If you need source code compilation images for secondary development, you can add these contents in DockerFile如果您需要用于二级开发的源代码编译镜像,您可以在 DockerFile 中添加这些内容
If you are starting with an embedding container, Deepdoc will be parsed by GPU and OOM will occur. It is necessary to adjust OCR. py to pass the CPU parsing OCR step After adjustment, I am now able to use multiple GPU
如果您是从嵌入容器开始,Deepdoc 将由 GPU 解析并发生 OOM(内存不足)。
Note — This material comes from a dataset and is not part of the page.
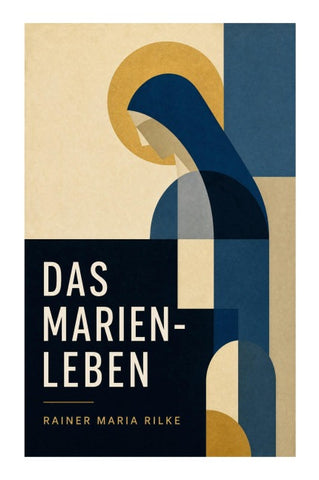 Das Marien-Leben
需要调整 OCR.py 以通过 CPU 解析 OCR 步骤。调整后,我现在能够使用多个 GPU
![]()
Self Checks
- [x] I have searched for existing issues search for existing issues, including closed ones.[x] I confirm that I am using English to submit this report (Language Policy).[x] Non-english title submitions will be closed directly ( 非英文标题的提交将会被直接关闭 ) (Language Policy).[x] Please do not modify this template :) and fill in all the required fields.我已经搜索了现有问题,包括已关闭的问题。[x] 我确认我正在用英语提交此报告(语言政策)[x] 非英文标题的提交将会被直接关闭(语言政策)[x] 请不要修改此模板 :) 并填写所有必填字段。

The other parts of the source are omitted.